Amarone production begins in the vineyard, where Pergola and Guyot-trained vines are carefully managed to produce flawless bunches of fruit. Only the best fruit, strictly selected to eliminate damaged bunches, is used. That fruit rests for around 120 days in a drying room, humidity-controlled room to avoid botrytis. In January, months after harvest, the concentrated fruit is vinified over 15 days. Brigaldara’s goal is to produce Amarone with body, freshness, and drinkability upon release, with no oxidation. Their wine is a departure from old-style Amarone made from dried, often botrytized, fruit fermented over a 40-day period.
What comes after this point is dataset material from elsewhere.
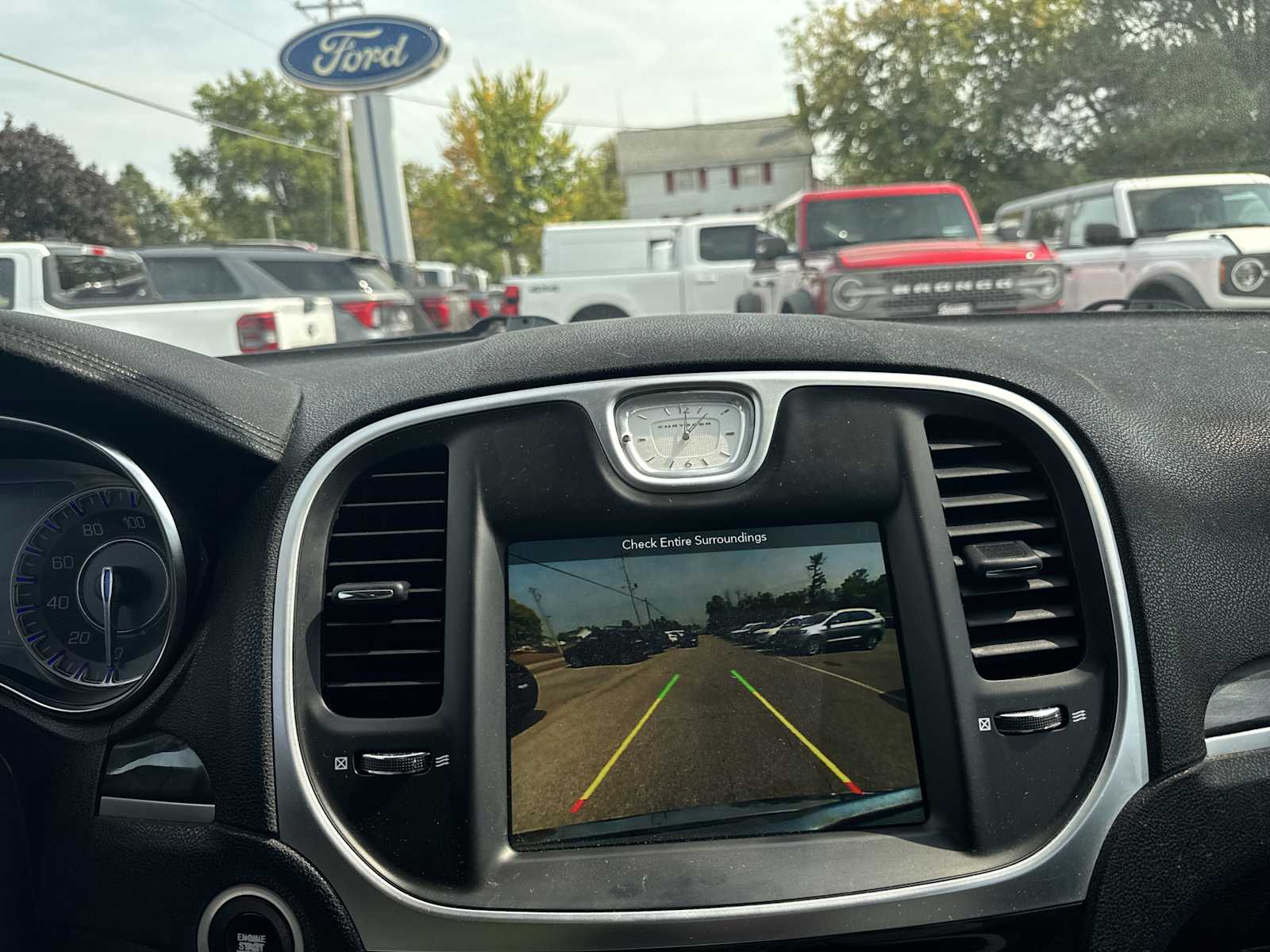2018 Chrysler 300 Touring photo 22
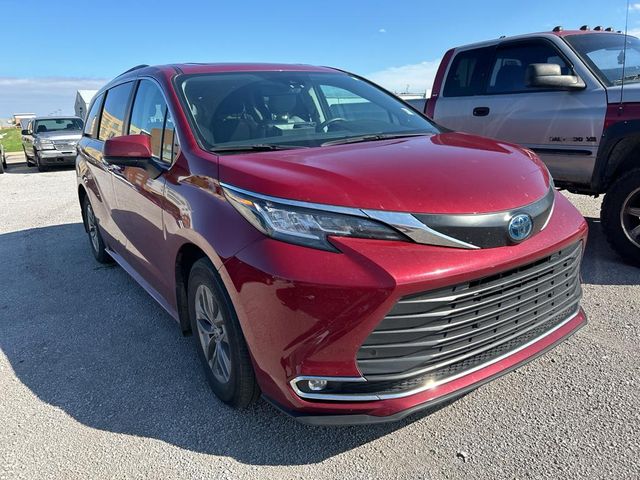 2023 Toyota Sienna XLE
It spent one year in barriques, then two years in large 25 hectolitre oak vessels prior to bottling.
A Corvinone-dominant blend featuring Corvina and Rondinella, this is a sumptuous Amarone with a spicy, perfumed bouquet of black cherry and vanilla. The palate reveals a ripe core of bitter chocolate and spiced fruit cake, with complex flavours of Mirabelle plum and coffee. An attractive note of black tea persists through the finish. Alcohol, often a determining quality for Amarone-lovers, is nicely balanced by the wine’s density and velvety texture. It’s a powerful wine, yet elegant and graceful.
“This splendid Amarone from the 2013 vintage comes from the Valpolicella Classica area. It features aromas of overripe fruit and spices, with an intriguing nuance of bitter cocoa in the background. The greatness of this wine lies in its mouth, where it proves powerful and lively but maintaining its grip and elegance.”